| Brief |
In the records below, the part to copy starts at the line containing "Karl Lagerfeld +" and goes to the last line; output it exactly, without pictures.

::::::

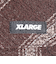エクストララージ（XLARGE）URBAN PLAID 長袖シャツ 101254014002-BROWN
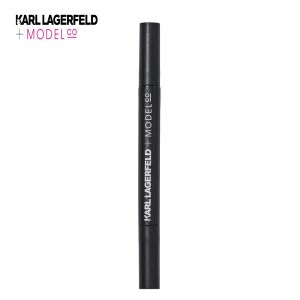 Karl Lagerfeld + Model co LONG-LASTING LIQUID LINER + BEAUTY STAMP อายไลเนอร์ 1.5 ml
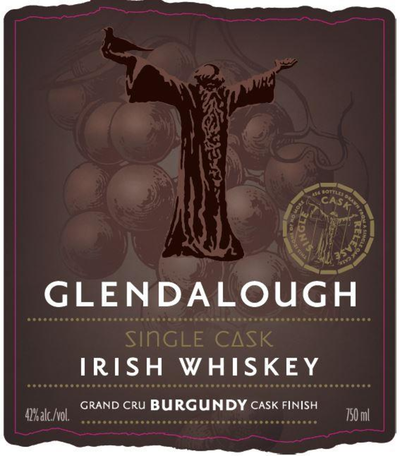 GLENDALOUGH IRISH WHISKEY 7YR 750ML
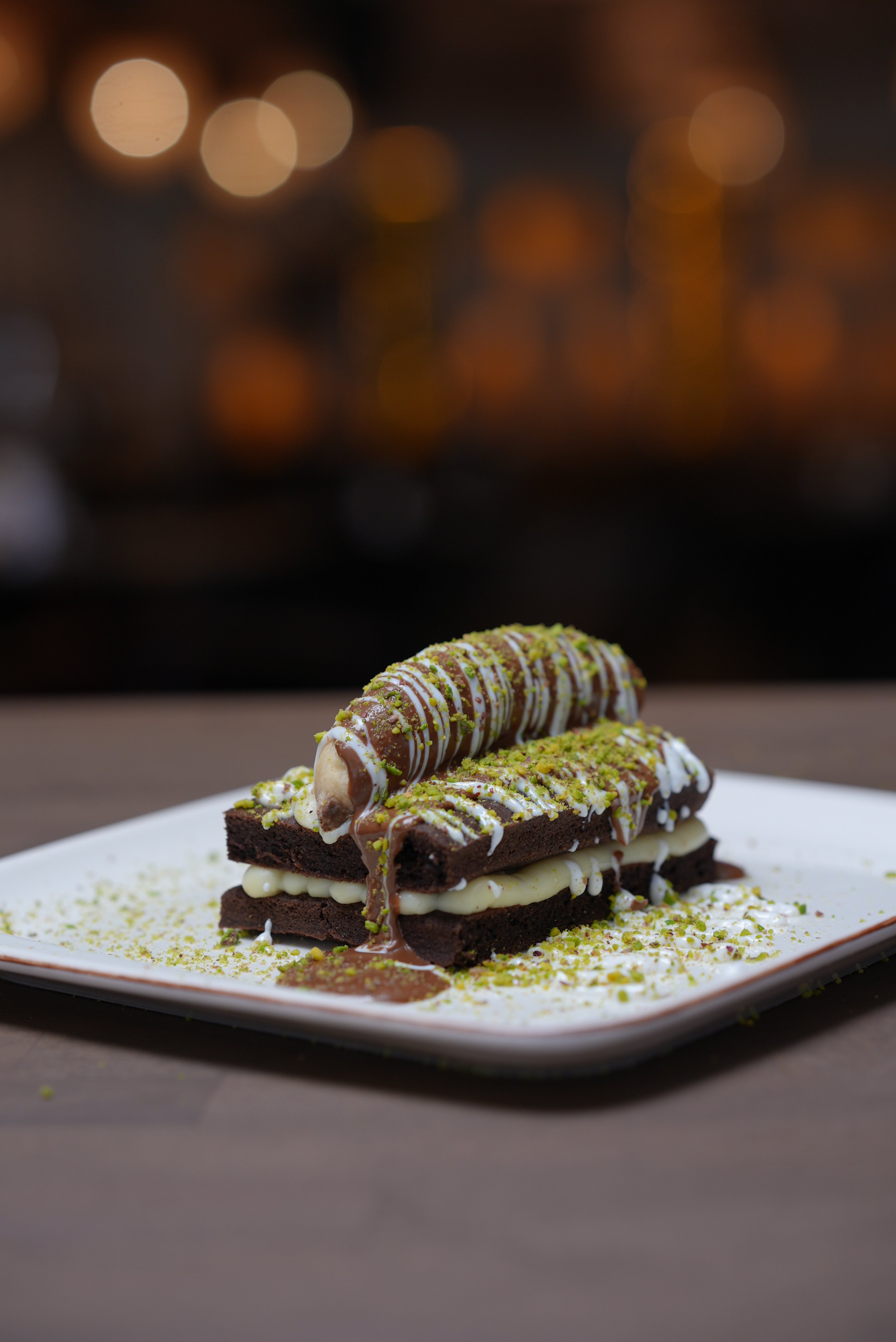 MUZLU BROWNİE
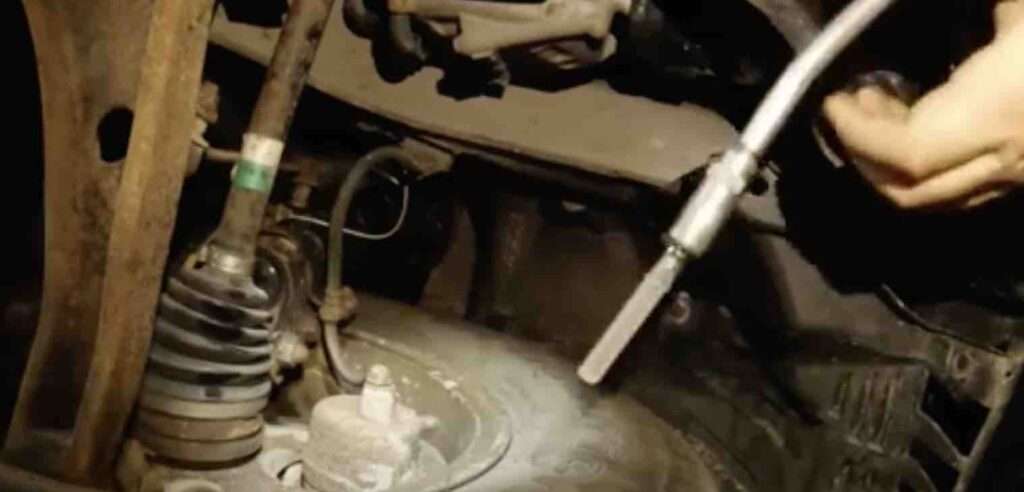How to Grease CV Joints without Removing them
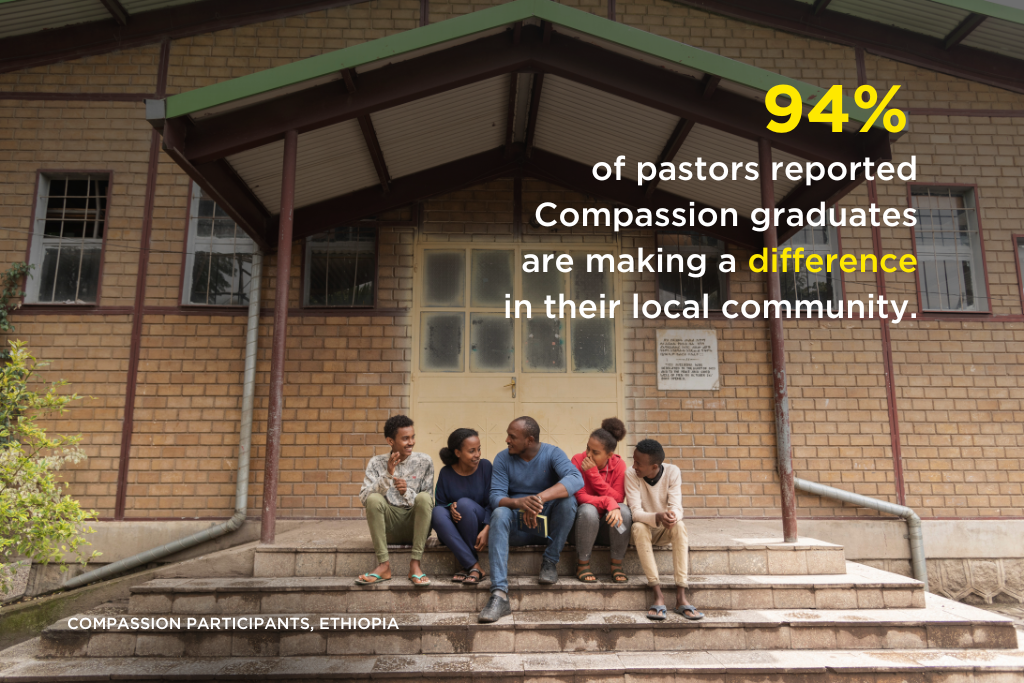 Compassion graduates are making a difference in community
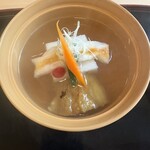 山玄茶 - 鱧真薯の椀物です♪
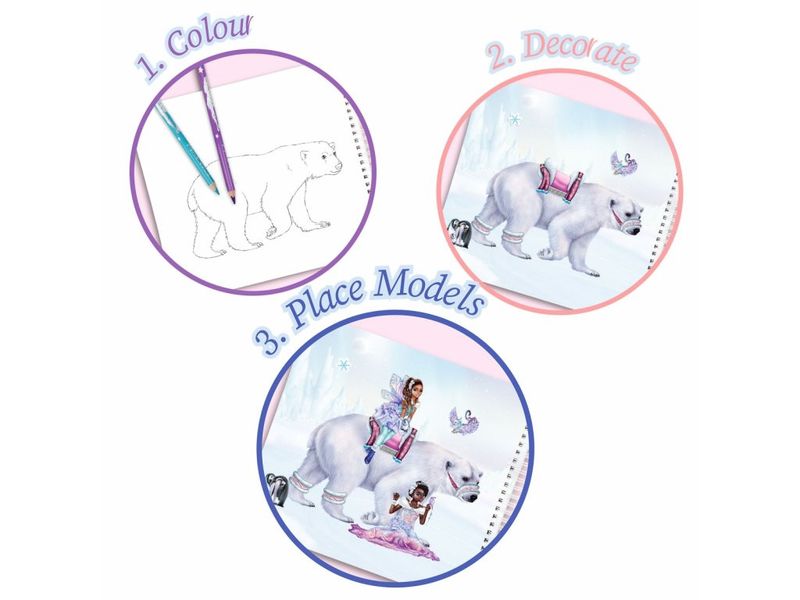 TOP MODEL ICEWORLD KOLOROWANKA 12072 zdjęcie 5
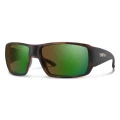 Okulary polaryzacyjne Smith Guide's Choice XL ChromaPop Glass – Matte Tortoise / Polarchromic Brown Green Mirror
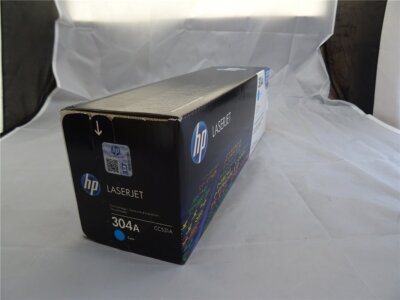 Original HP CC531A 304A Toner cyan für LJ CM2300 CP2000 A-Ware
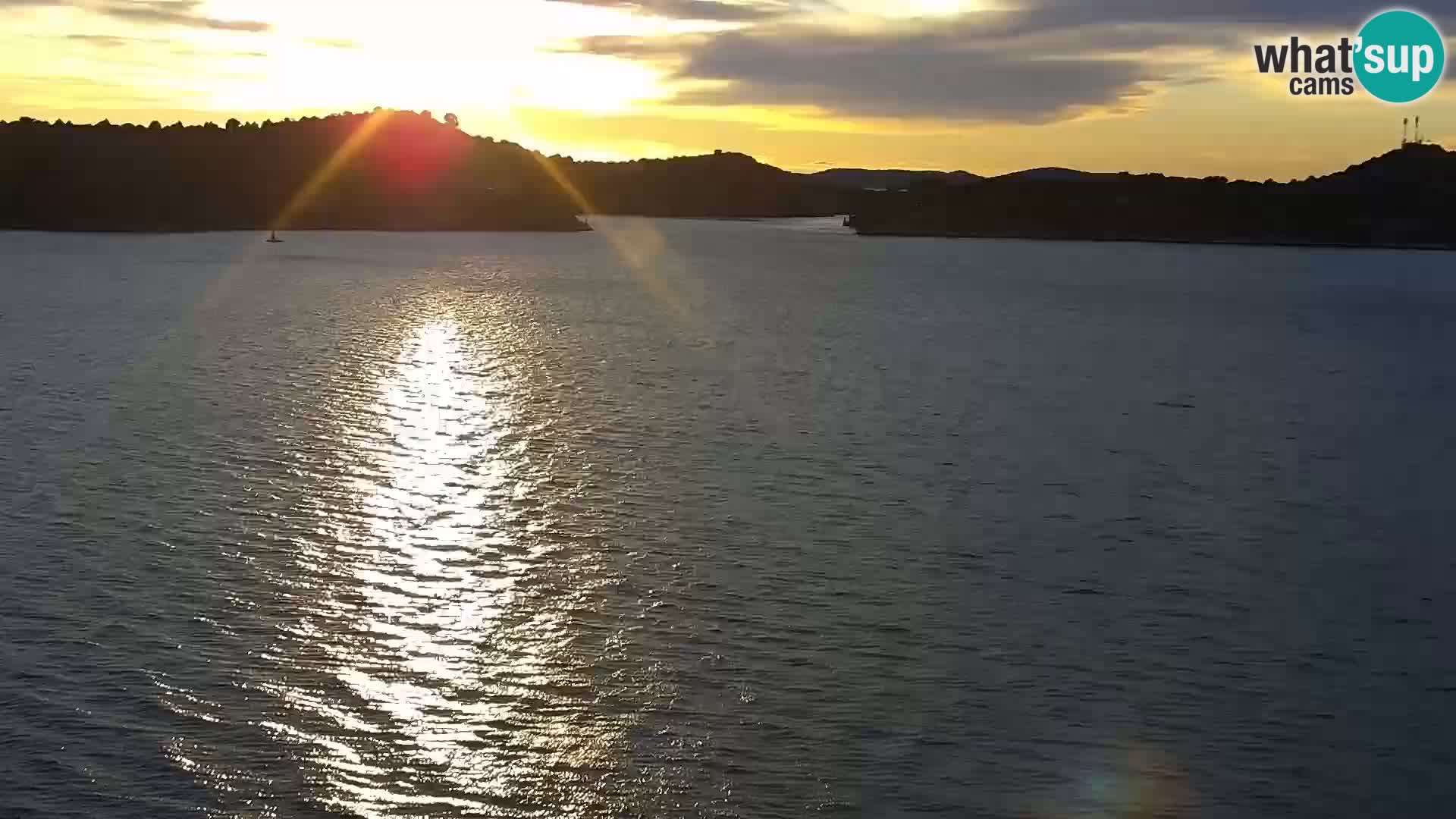 Webcam Šibenik – panorama Bellevue Hotel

::::::

| Exercise result |
 Karl Lagerfeld + Model co LONG-LASTING LIQUID LINER + BEAUTY STAMP อายไลเนอร์ 1.5 ml
 GLENDALOUGH IRISH WHISKEY 7YR 750ML
 MUZLU BROWNİE
How to Grease CV Joints without Removing them
 Compassion graduates are making a difference in community
 山玄茶 - 鱧真薯の椀物です♪
 TOP MODEL ICEWORLD KOLOROWANKA 12072 zdjęcie 5
 Okulary polaryzacyjne Smith Guide's Choice XL ChromaPop Glass – Matte Tortoise / Polarchromic Brown Green Mirror
 Original HP CC531A 304A Toner cyan für LJ CM2300 CP2000 A-Ware
 Webcam Šibenik – panorama Bellevue Hotel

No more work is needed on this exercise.